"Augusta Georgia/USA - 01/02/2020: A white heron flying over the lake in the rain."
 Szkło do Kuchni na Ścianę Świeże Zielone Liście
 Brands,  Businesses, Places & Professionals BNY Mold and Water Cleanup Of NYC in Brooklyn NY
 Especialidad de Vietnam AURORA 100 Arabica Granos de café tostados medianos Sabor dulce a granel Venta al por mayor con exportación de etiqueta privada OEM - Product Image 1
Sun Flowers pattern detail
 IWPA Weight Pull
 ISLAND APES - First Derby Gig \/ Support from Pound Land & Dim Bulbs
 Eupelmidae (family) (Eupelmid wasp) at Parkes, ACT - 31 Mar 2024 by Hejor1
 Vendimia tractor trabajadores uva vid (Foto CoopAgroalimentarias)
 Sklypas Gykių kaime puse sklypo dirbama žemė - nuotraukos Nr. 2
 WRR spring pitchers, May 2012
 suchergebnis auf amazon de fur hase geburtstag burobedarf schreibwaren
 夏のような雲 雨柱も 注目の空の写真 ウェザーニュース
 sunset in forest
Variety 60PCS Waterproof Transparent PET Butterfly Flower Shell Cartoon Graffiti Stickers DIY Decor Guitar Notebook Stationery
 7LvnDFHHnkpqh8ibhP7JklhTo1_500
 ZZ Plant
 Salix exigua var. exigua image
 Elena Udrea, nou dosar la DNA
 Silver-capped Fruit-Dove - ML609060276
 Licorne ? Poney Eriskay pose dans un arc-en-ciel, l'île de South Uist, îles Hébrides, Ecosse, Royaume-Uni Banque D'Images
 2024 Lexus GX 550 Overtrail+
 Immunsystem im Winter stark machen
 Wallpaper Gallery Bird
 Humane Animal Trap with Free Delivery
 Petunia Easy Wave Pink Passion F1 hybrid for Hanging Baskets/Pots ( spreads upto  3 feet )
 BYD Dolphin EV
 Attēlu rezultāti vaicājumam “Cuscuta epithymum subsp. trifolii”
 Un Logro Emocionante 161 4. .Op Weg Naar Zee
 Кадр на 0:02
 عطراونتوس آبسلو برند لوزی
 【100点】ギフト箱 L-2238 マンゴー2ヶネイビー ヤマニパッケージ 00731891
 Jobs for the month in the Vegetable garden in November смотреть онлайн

Work request
From the records above, copy only the lines starting with the line that holds "in Brooklyn NY" and going on through the line that holds "Vendimia tractor trabajadores", exactly as written.

The answer
 Brands,  Businesses, Places & Professionals BNY Mold and Water Cleanup Of NYC in Brooklyn NY
 Especialidad de Vietnam AURORA 100 Arabica Granos de café tostados medianos Sabor dulce a granel Venta al por mayor con exportación de etiqueta privada OEM - Product Image 1
Sun Flowers pattern detail
 IWPA Weight Pull
 ISLAND APES - First Derby Gig \/ Support from Pound Land & Dim Bulbs
 Eupelmidae (family) (Eupelmid wasp) at Parkes, ACT - 31 Mar 2024 by Hejor1
 Vendimia tractor trabajadores uva vid (Foto CoopAgroalimentarias)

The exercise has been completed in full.